18.6.09

Day 217. The Pilot One.

Ok. I know I've used "pilot" before but it must be used again. To summarize a very VERY long and painful process, on my way home last night I ended up delayed, sitting on a plane, with no air conditioning for two hours while mechanics tried to diagnose and fix a problem with our plane.

I was exhausted, and luckily, this put me in a state of mind where I was just happy the problem was found before we were 10,000 feet in the air. But, as the situation dragged on and on, it was the kind of event that was ripe for drama. We all remember the stories of the flights that sat on runways for hours with no food and drink and people filed class action suits blah blah blah...

But I would like to highlight our captain because throughout the entire experience, he kept us updated in just the right intervals, with just the right words. He never talked down to us, he even explained choices he was facing and how he was making them. When he was told maintenance was going to take 15 minutes, he told us that his experience told him that minutes were like dog years and not to believe the 15 minutes ;). He also took the time to repeatedly walk through the cabin to assess how truly uncomfortable we were (or weren't) and help decide how to handle the situation.

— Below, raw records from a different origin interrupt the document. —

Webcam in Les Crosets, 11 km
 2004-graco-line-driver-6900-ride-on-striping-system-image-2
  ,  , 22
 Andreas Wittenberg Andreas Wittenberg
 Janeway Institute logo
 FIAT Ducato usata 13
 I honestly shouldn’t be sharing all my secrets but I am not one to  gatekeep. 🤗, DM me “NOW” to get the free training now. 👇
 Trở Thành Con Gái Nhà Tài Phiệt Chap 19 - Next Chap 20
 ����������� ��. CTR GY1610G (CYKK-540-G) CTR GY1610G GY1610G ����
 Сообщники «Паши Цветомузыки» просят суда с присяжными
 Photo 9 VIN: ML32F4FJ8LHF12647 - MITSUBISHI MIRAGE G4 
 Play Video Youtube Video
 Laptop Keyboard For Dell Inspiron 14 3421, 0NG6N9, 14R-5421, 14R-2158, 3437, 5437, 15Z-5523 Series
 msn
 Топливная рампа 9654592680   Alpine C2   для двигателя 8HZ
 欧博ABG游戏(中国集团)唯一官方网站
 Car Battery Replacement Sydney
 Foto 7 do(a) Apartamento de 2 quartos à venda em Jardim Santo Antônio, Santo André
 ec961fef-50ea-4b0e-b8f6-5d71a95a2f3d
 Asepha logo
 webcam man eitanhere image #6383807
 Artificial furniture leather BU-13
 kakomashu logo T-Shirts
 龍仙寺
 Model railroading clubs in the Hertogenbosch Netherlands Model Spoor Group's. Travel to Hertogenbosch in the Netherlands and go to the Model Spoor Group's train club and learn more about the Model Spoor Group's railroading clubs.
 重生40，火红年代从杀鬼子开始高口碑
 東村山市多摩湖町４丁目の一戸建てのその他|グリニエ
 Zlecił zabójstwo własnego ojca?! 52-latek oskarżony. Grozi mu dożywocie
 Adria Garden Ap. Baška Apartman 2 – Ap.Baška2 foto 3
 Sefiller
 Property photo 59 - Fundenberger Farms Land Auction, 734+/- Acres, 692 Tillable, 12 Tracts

When I look back now, even though we got in two hours late, and were quite uncomfortable in the heat for the last hour on the ground in particular, I am more and more pleasantly surprised as to how little griping passengers did and how very NOT rowdy we all became. Other than folks calling/texting to update loved ones after each status update, the cabin remained extremely calm and "go with the flow". When you look at the circumstances we were facing, it was quite astonishing. I attribute this 100% to our captain's amazing communication skills.

As we exited the plane, I prepared to let him know he'd be on here shortly and thank him (also as a defensive move against the number of folks I expected to growl or grumble at him as they walked by the cockpit. But, not only did the Captain stand right by the door to thank and apologize to each of us, but I heard many other passengers thank the crew for taking care of us, for getting us to our destination safely, for keeping us informed. I was pleasantly dumbstruck - not only because it wasn't only me that was calmed by our Captain's leadership but also that they too, took the time to let him know.

Situations can suck - communication can get you through.